At this point, I am the only person who knows I’ve been singing this song for most of the day, and thinking about Stephen. I hesitated, but I had to say something. What are the chances?
First, I asked my brother-in-law. He said he had been going to Fortune Harbor his whole life, and this was the first time he’s seen a Beluga. So, I told my husband and my sister, and for the next couple of hours, that whale stayed and played, putting on a show for us. A nearby kayaker came by, and Mr. Beluga played with him, matching his movements beneath the water.
As the sun set on the day, I couldn’t help but think that Stephen and God sent me a beautiful message in the form of a Baby Beluga.
All is well, and I am right here with you.
So, on my son’s birthday, I want to share love with you Raffi. You have no idea of your reach and impact on so many. You have eased this bereaved mother’s pain, and allowed me to remember the beautiful childhood days of my son.
With Love and Gratitude,
Thank you for sharing this beautiful story. As a mother of two adult sons, the thought of your loss makes my heart ache for you.
Raffi was always played loudly and with such joy in our home. I still find myself singing those wonderful and silly songs to myself. Thank you for reminding me to focus on the positive things especially in these trying times. Raffi and his songs are just that…and sure to bring a smile even if you just think of one song.
Thank you Kelly for sharing your story and May love and peace surround you always. ❤️
My daughter passed away in 2015 and we had 450 people singing Baby Beluga in her honour at her celebration of life.
These included several Royal Canadian Air Force Colonels and The 19 Wing Commander. It was a truly memorable magical time. Now, whenever I hear that song, which was her favourite song, I smile and think of those moments.
Thank you for this. I lost my son Calvin in 2008 at six days old. I struggled so hard with my faith, in trying to believe in the goodness of a God that would allow a beautiful six day old baby to die.

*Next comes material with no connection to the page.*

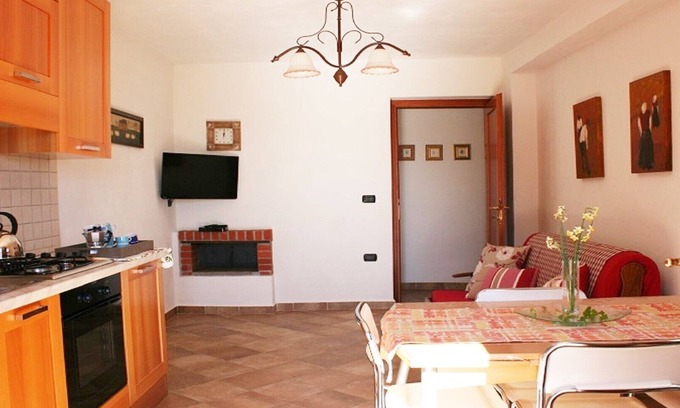 Orosei House | "CASA GIADA SEA VIEW" comfort and familiarity Wi-Fi parking climate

A few months later God gave me the gift of watching my son grow up along side us in a dream that portrayed every moment I worried I would miss. Now when I’m missing him deeply he comes to me in the form of a dragonfly. When I see them, I know without a doubt he is with me. Much love as you remember.
What an absolutely beautiful experience Kelly. Sending love to you all and Happy Birthday wishes to Stephen as he looks down from above. ❤
Kelly….what a beautiful story. I am teary right now having just read it. My girls and I love Raffi’s music as well. I now have a 2 year old Grandson…and he wanders around singing “Baby Beluga”..
Raffi is our comfort music..
It brings such joy into our hearts. My story is not heartbreaking but it repeats the joy you & your son shared .
God Bless & keep you ..
& Thank You Raffi.
( by the way…. I’m 70…my girls are 41 & 39 and the ” Raffi Joy ” still is with us)
I love this story so much. My son died 4 months ago. So sad at 38. I will get your book. Thinking of a good moment to think of every day
Mary, I am so sorry for the loss of your precious son. I am sending love to you as you grieve. Be gentle with your broken heart, and know you are not alone. Thanks for reaching out.